A question on anomaly detection

So we have succeeded in putting in a process which can ingest one line csv logs. Lots of them. Now the next stage is to put in some sort of anomaly detection. However here is the problem I am facing.

I am not a domain expert and the person who is going to be end user says that "all" values in csv are important to him. And the csv has around 75+ columns.

I cannot see myself making 75+ population anaysis based on serial number and one field each.

Is there an option to monitor all the fields in an event for a given serial number?

A sample of the data I have:

{
  "_index": "logstash-starkindustries-2021.01",
  "_type": "_doc",
  "_id": "fgibhjdgsfib356",
  "_version": 1,
  "_score": null,
  "_source": {
    "serial": 45689457890,
    "sensor_A": 76.5,
    "sensor_B": 65.9,
    "sensor_C": 608,
    "sensor_D": 200,
    "sensor_E": 20,
    "sensor_F": 65,
	....
	....
	....
	....
	"Result": "Pass",
    "Time_Taken": 56,
}

Each serial number has one csv log of one line exactly. And hence only one event in the index against it.

Now I have created a population analysis based on the Time taken but there are so many other fields which are of interest. And any one showing something out of ordinary can be very valuable.

The processing is done in logstash so if there is any suggestion to change the way I am ingesting data from csv then I will be happy to implement it.

There are a couple of ways you could handle this situation with the functionality the stack provides.

If you think all sensors values are independent and want to compare all sensor_A values to one another, all sensor_B values to one another and so on, then if you transform the data in the index into the format,

{
  "serial": 45689457890,
  "sensor_type": "sensor_A",
  "value": 76.5
}

Then you can create a population analysis using a partition field. The config would be along the lines of:

{
  ...
  "analysis_config": {
    "detectors": [
      {
        "function": "mean",
        "field_name": "value",
        "partition_field_name": "sensor"
      }
    ]
  },
  ...
}

This can be configured from the advanced job creation wizard. Remember to select sensor as an influencer. This creates one population model for each sensor and tells you about unusual values for a sensor versus other values for the same sensor. Another thing to remember is that we compute the detector function (in the example case the mean) of all sensor values which land in the same time interval (determined by job's bucket length) so we are comparing the mean of all sensor_A values in say a 5 minute interval to means of sensor_A in other 5 minute intervals.
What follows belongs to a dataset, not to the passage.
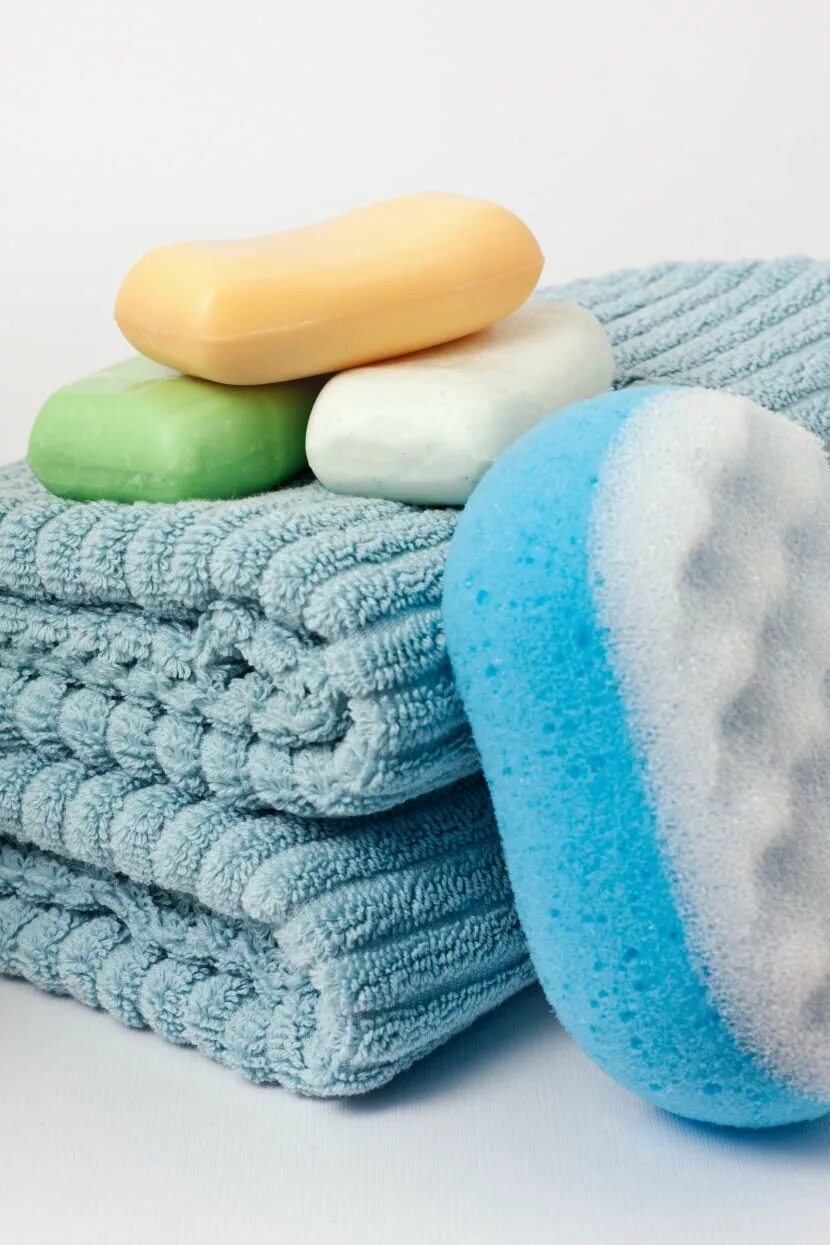 Мыло и полотенце. Мыльная мочалка. Гигиенические вещи. Гигиена полотенец. Полотенце моющие средства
Another way we have of analysing data like this in the stack is using outlier detection. This treats all the sensor values for a single serial number as a vector and finds vectors of sensor values which are far from other vectors of sensor values in the collection. This might be more suitable if you think the sensor values for the same serial number are strongly related or you don't want to aggregate sensor values for different serial numbers. However, note there are a couple of things to be aware of: this is currently a single shot analysis so you need to trigger it to run on one collection of documents at a time, you might well need to randomly partition the full data set into batches and process them one at a time if it is large, the results depend on the distance between all sensors values (we standardise the data so different sensor values are put into the same range) so outliers depend on the correlation which is present between the values of individual sensors. This means individual sensor values might not be outside the range of normal values for just that sensor for outliers, but be unusual because how they relate to other sensor values for the same serial number.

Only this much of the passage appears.